An obvious competitor boutique firm will be FT Partners. Basta says that he has competed with them in the past and will do so again. Fintech firms currently make up around 40% to 50% of the work Artis Partners is working on. As for the obvious question, why hire Artis? Basta says that it is always relationships and quality of execution.

The Artis Partners USP

“The key USP is this point about exit preparation. Almost everything we do we will begin working with a company a year or two ahead of time. We help them prepare for potential exit, help them navigate towards potential buyers, cultivate buyer interests, broadcast their story, all of that over a period of time, which you can never do in a sale process.
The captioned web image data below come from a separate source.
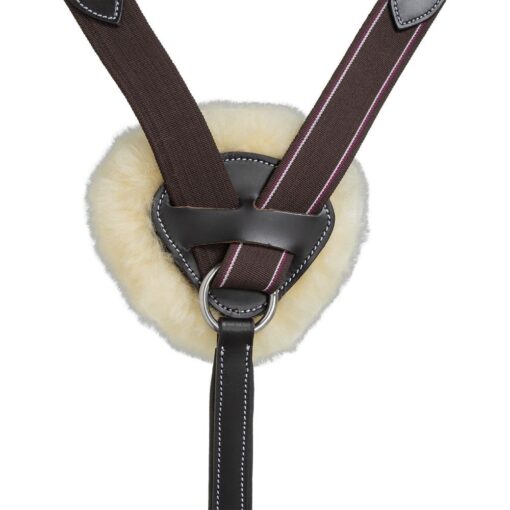 Equitare Five Point Breastplate Brown 2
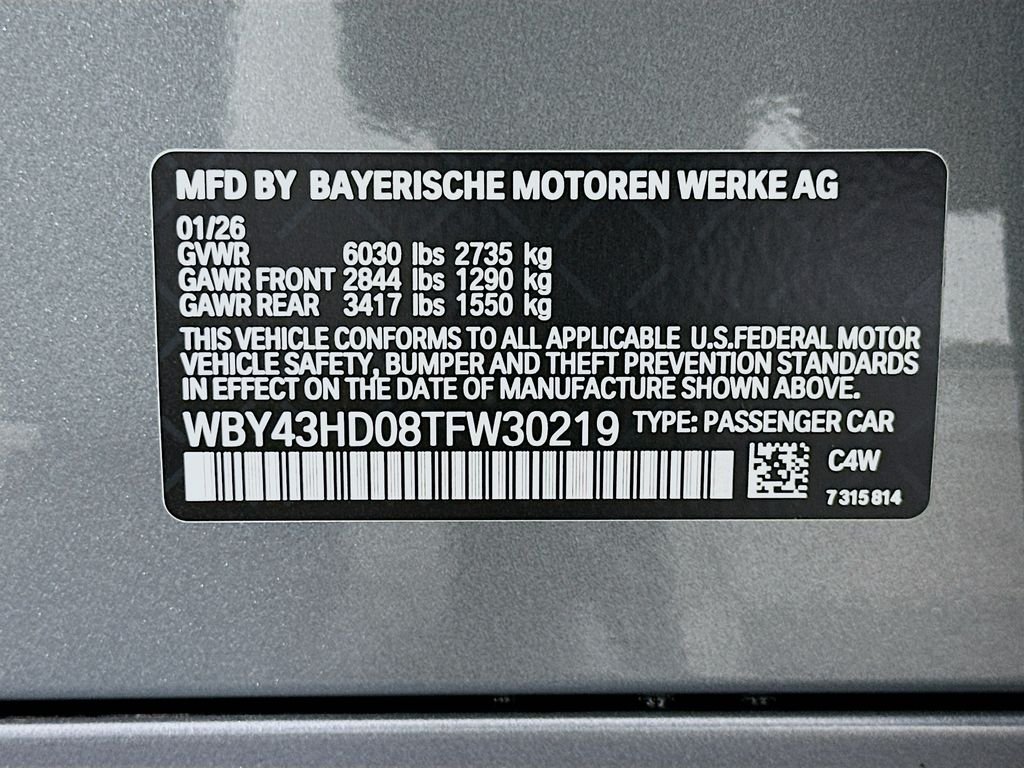 New 2026 Skyscraper Grey Metallic BMW xDrive40 image 24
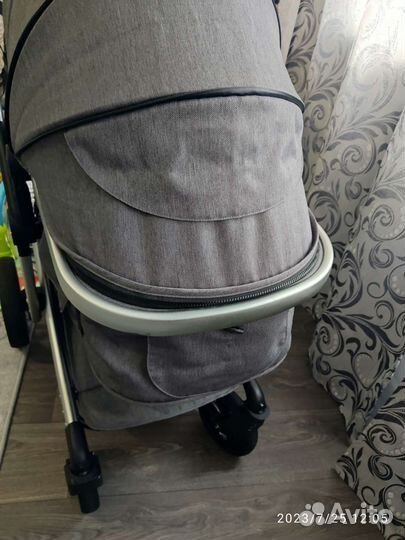 Коляска-трансформер всесезонная 2в1 Aimile Silver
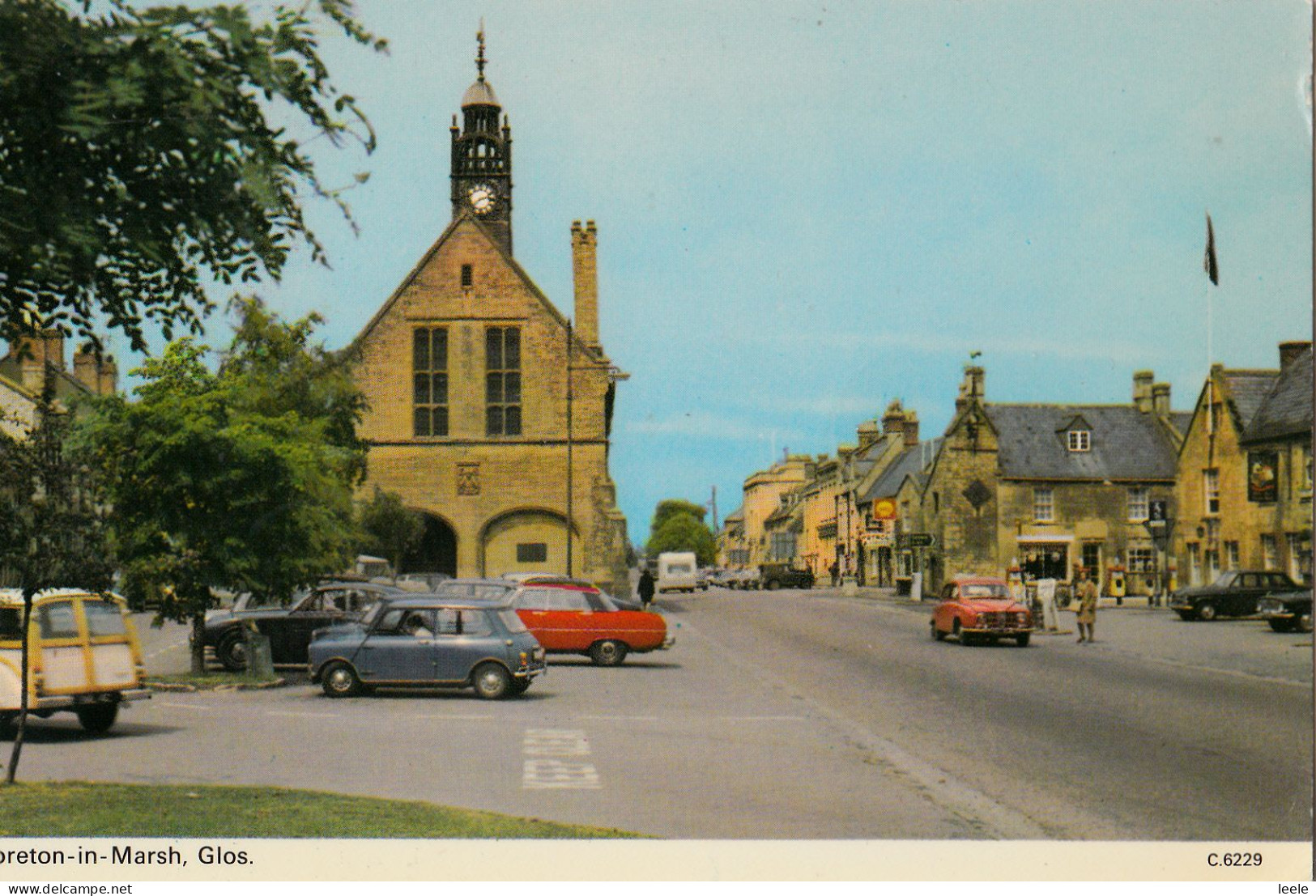 CW33. Vintage Postcard. Moreton-in-Marsh, Gloucestershire. - Other & Unclassified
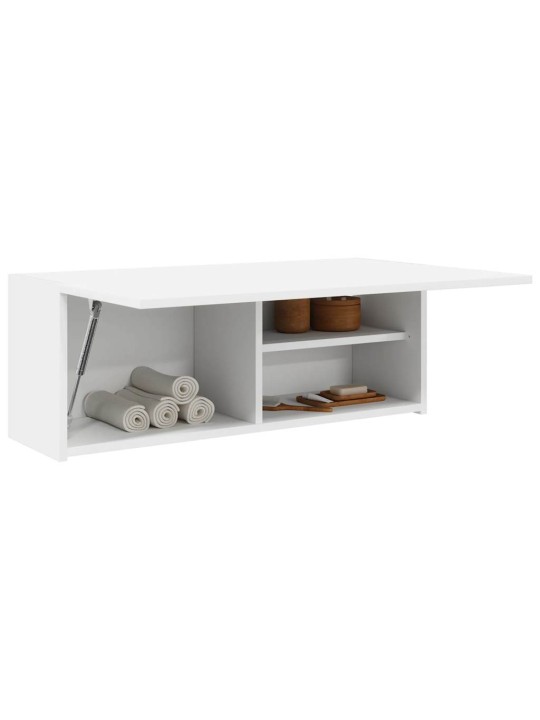Koupelnová nástěnná skříňka bílá 80x25x30 cm kompozitní dřevo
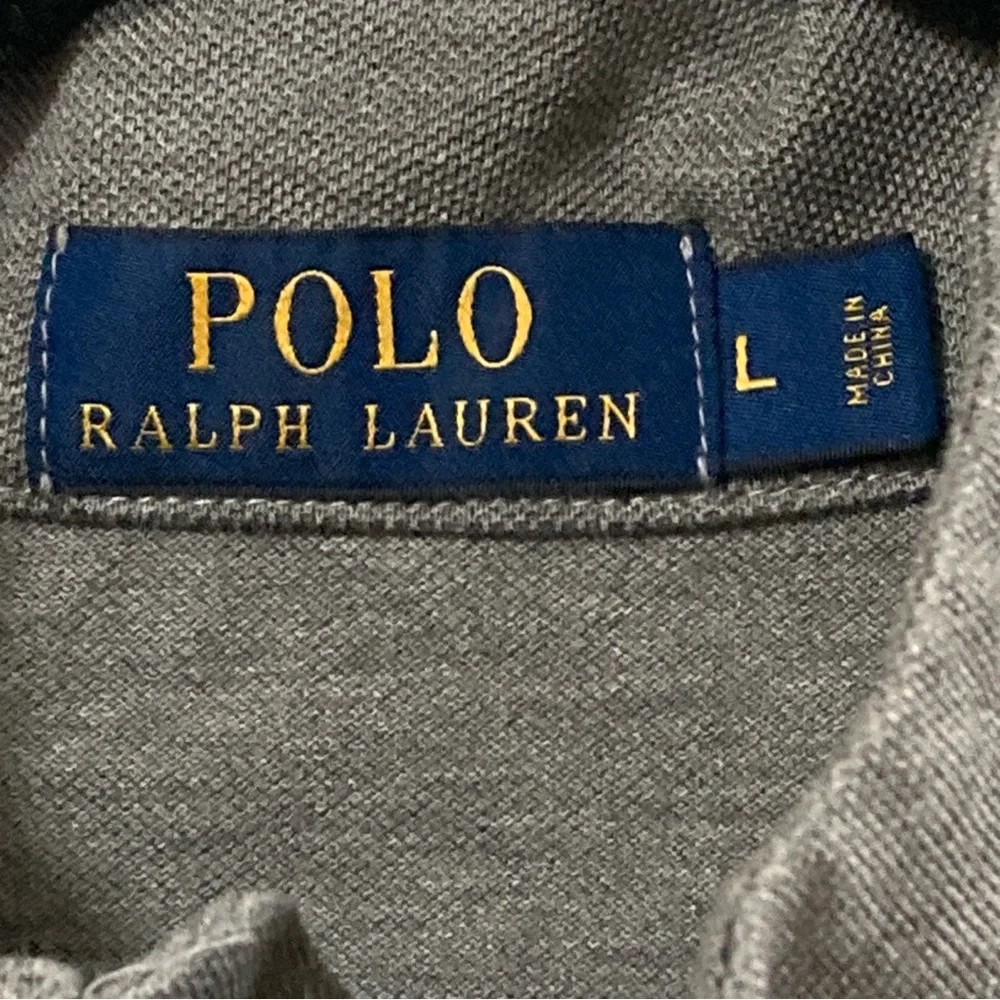 Polo by Ralph Lauren Men's Gray Quarter-Zip Shirt L Gray - Picture 5 of 15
We have not found another investment bank that does this. I used to teach this for six years at INSEAD, so we have the whole framework, the playbook. Without the playbook, it would be incredibly inefficient to be able to do that. If you are working with a company for 12 or 18 months, you need a coaching mindset, a consultative mindset, even though we’re not consultants. And then you need to be able to shift on a dime and run a deal at high speed. So having both of those mindsets is something that’s very difficult to find in the M&A banking business.

Basta takes issue with global investment banks exit prep

“You also need senior people who really are minded to do that work, and all of the senior people at the firm, that’s how they think. You can’t do exit prep in the way we do it within a large bank. The reason is because, you know, a large bank needs to charge a certain amount for a certain speed and get a deal done. So, you know, patience over a year or two cultivating interest – a large bank can’t afford to do it. Weirdly, their cost space is too high. You can only do it in a boutique investment bank.”

Basta on the outlook for M&A activity to increase

Basta says that fundraising, large funding round of €50m-€100m plus, remains fairly subdued. The only place where there’s that kind of activity, really is native AI companies.

“But for the vast majority of technology companies, financing is very subdued. Also, you’ve had a number of funds invested in these businesses for four, five, six or seven years. And so, there’s a natural maturity of those assets when M and A becomes topical, timely and makes sense. And then you have a whole raft of buyers looking to do deals. So, I would be very surprised if we didn’t see a 20%, 30% increase in M and A activity this year for all those reasons, very surprised.